Task brief
Could you print all the entries exactly?

Short text fragments from websites

————

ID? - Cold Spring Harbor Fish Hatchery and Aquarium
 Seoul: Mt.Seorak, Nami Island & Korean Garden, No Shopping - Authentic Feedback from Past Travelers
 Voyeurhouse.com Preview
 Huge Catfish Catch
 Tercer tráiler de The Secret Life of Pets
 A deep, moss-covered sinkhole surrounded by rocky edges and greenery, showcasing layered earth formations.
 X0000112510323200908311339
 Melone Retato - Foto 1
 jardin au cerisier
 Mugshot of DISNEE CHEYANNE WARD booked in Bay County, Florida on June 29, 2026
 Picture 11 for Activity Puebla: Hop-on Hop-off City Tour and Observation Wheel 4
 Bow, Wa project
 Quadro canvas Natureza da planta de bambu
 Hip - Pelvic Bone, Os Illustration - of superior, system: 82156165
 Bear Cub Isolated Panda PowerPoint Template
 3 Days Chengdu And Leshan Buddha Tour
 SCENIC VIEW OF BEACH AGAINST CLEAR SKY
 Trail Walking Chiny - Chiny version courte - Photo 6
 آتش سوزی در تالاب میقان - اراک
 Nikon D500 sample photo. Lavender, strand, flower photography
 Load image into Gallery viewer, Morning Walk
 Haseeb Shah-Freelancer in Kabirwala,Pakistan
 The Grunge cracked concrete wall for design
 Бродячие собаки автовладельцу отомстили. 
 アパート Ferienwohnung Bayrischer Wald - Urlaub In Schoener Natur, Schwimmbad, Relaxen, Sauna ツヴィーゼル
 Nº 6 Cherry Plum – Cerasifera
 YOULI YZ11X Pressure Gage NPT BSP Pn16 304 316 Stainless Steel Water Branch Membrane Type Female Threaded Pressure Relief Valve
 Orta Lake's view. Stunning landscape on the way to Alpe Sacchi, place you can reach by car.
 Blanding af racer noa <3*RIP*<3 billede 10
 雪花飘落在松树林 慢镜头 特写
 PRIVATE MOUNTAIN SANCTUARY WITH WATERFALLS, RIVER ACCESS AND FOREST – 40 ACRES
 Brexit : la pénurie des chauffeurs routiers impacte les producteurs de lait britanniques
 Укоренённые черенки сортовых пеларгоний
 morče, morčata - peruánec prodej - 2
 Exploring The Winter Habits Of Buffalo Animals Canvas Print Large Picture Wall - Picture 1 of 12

————

Solution to the problem
ID? - Cold Spring Harbor Fish Hatchery and Aquarium
 Seoul: Mt.Seorak, Nami Island & Korean Garden, No Shopping - Authentic Feedback from Past Travelers
 Voyeurhouse.com Preview
 Huge Catfish Catch
 Tercer tráiler de The Secret Life of Pets
 A deep, moss-covered sinkhole surrounded by rocky edges and greenery, showcasing layered earth formations.
 X0000112510323200908311339
 Melone Retato - Foto 1
 jardin au cerisier
 Mugshot of DISNEE CHEYANNE WARD booked in Bay County, Florida on June 29, 2026
 Picture 11 for Activity Puebla: Hop-on Hop-off City Tour and Observation Wheel 4
 Bow, Wa project
 Quadro canvas Natureza da planta de bambu
 Hip - Pelvic Bone, Os Illustration - of superior, system: 82156165
 Bear Cub Isolated Panda PowerPoint Template
 3 Days Chengdu And Leshan Buddha Tour
 SCENIC VIEW OF BEACH AGAINST CLEAR SKY
 Trail Walking Chiny - Chiny version courte - Photo 6
 آتش سوزی در تالاب میقان - اراک
 Nikon D500 sample photo. Lavender, strand, flower photography
 Load image into Gallery viewer, Morning Walk
 Haseeb Shah-Freelancer in Kabirwala,Pakistan
 The Grunge cracked concrete wall for design
 Бродячие собаки автовладельцу отомстили. 
 アパート Ferienwohnung Bayrischer Wald - Urlaub In Schoener Natur, Schwimmbad, Relaxen, Sauna ツヴィーゼル
 Nº 6 Cherry Plum – Cerasifera
 YOULI YZ11X Pressure Gage NPT BSP Pn16 304 316 Stainless Steel Water Branch Membrane Type Female Threaded Pressure Relief Valve
 Orta Lake's view. Stunning landscape on the way to Alpe Sacchi, place you can reach by car.
 Blanding af racer noa <3*RIP*<3 billede 10
 雪花飘落在松树林 慢镜头 特写
 PRIVATE MOUNTAIN SANCTUARY WITH WATERFALLS, RIVER ACCESS AND FOREST – 40 ACRES
 Brexit : la pénurie des chauffeurs routiers impacte les producteurs de lait britanniques
 Укоренённые черенки сортовых пеларгоний
 morče, morčata - peruánec prodej - 2
 Exploring The Winter Habits Of Buffalo Animals Canvas Print Large Picture Wall - Picture 1 of 12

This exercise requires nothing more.